» **Task description**
Below are some records. Set down exactly the line holding "Samsung T9 Angled" and every later line through the end, omitting the pictures.

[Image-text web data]
--- START ---
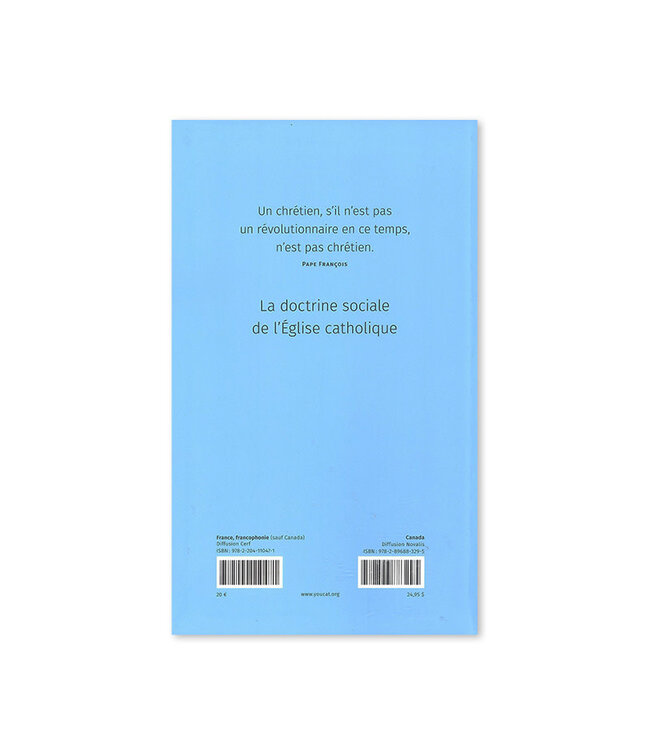 Docat (Que Faire?) Youcat La doctrine sociale de l'Église catholique (French)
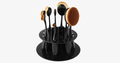 Makeup Brush Holder for Set of 10 Oval Brushes – Home for Your Brushes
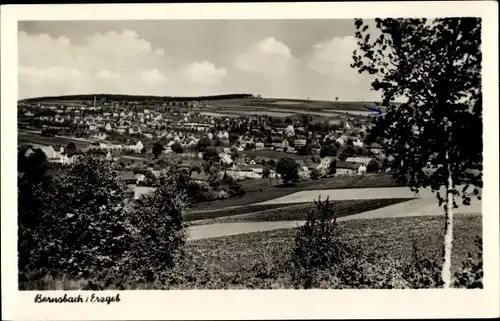 Ak Lauter Bernsbach im Erzgebirge Sachsen, Gesamtansicht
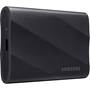 Samsung T9 Angled right s view showing USB-C port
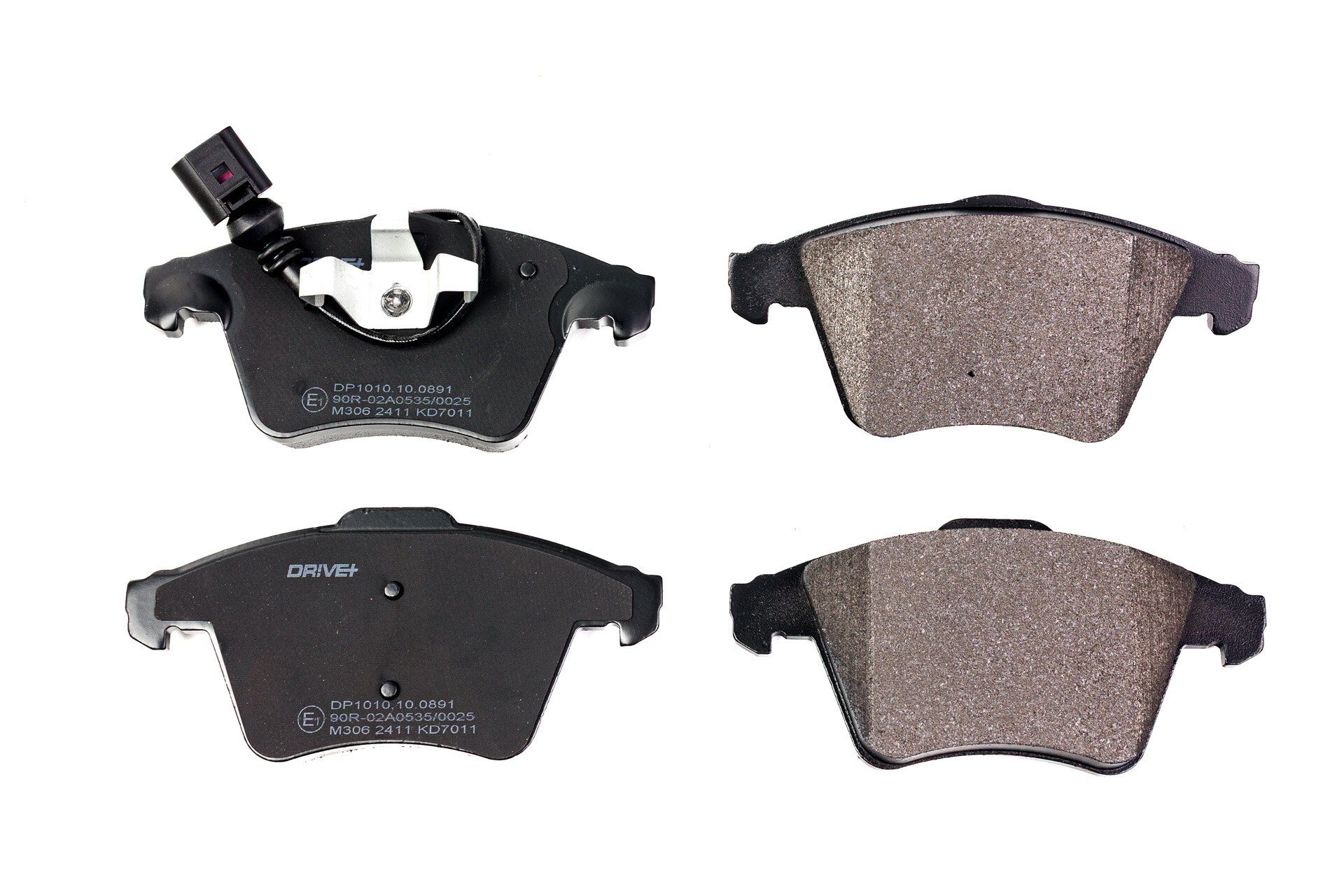 Stabdžių trinkelių rinkinys, diskinis stabdys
--- END ---
» **Answer section**
 Samsung T9 Angled right s view showing USB-C port
 Stabdžių trinkelių rinkinys, diskinis stabdys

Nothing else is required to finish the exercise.